Calabrese – Belstar F1



Calabrese Belstar F1 is an excellent variety suitable for early main and late sowings. It has good cold and disease resistance.


Make successional sowings every 3 to 4 weeks from April until mid June.

Sow one seed per module about 1.5cm deep and about 4 weeks later plant out.


Between rows: 45cm

Between plants in the row: 45cm

Approx. seed count: 30

Growing Calabrese – Belstar F1

Latin name:

Brassica oleracea  (Italica Group)


Brassicaceae (also known as Cruciferae)

What consumers call broccoli, gardeners call calabrese.  So if you want to grow the broccoli from the shops you have to buy calabrese seeds. Throughout most of the year calabrese will grow better outside but there is the possibility to extend the cropping season both in spring and autumn with the use of a tunnel or greenhouse.

Soil and site

The soil should be fertile, free-draining but with a high water holding capacity. The soil should preferably have been enriched with plenty of  well-rotted farmyard manure.

Sowing Calabrese – Belstar F1

For tunnel or greenhouse production, calabrese is best sown in late January to early March and again in early July until early August.

For outdoor production sow seeds from early April until mid June.

I always sow calabrese in modular trays which are placed in a greenhouse.  I sow one or two seeds per module about 1.5cm deep.  If two seeds germinate you have to remove the weaker seedling. They usually germinate within 5 to 7 days and are ready for planting out about 4 weeks after sowing.

For continuity I would sow a few seeds at regular intervals.


A spacing of 45 x 45cm each way produces decent sized heads of cauliflowers.

Plant care

Calabrese requires plenty of water at all stages. Drying out results in smaller plants and premature budding so the heads remain small.


Cropping from the early sowing will probably start in late April/ early May.  The later sowings will produce right up to the first hard frost.

The central head should be cut before the flowers open. Smaller side shoots will develop later and one can expect 2 – 3 further cuts.

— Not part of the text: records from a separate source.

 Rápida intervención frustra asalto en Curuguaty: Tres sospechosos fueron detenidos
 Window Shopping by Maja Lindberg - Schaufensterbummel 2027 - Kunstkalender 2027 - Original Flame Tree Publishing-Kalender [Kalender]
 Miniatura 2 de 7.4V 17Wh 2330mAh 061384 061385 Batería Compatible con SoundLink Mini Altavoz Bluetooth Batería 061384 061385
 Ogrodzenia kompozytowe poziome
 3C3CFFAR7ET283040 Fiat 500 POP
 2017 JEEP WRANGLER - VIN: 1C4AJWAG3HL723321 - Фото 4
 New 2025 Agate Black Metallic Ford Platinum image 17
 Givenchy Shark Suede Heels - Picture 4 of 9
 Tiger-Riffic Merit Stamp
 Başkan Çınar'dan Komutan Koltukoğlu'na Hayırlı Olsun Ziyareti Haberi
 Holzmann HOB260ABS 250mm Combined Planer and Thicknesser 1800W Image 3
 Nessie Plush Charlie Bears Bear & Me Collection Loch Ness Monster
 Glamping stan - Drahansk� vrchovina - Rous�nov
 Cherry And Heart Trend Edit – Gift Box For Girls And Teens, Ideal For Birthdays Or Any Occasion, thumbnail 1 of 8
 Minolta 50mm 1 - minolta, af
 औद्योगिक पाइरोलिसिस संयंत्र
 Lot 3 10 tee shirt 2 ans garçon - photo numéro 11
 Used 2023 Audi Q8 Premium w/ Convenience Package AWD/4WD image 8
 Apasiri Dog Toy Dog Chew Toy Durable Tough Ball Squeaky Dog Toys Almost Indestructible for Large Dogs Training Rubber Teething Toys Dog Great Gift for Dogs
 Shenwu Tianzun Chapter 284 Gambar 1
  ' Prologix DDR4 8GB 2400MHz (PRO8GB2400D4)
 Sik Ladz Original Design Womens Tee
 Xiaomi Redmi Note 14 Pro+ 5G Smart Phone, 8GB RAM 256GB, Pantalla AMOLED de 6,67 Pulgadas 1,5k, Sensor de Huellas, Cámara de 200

Generally cropping may start about 70 to 100 days after sowing depending on the variety and season.


Calabrese – Belstar F1 is best eaten fresh.  However, if you have a glut the heads can be blanched and frozen.

Potential problems

Calabrese is susceptible to the same pests and diseases as cabbage and the same control measures are recommended.  The main problem with calabrese is premature flowering.  It is absolutely crucial to check your plants for ripeness at least twice per weekas the buds quickly open up into yellow flowers and become useless.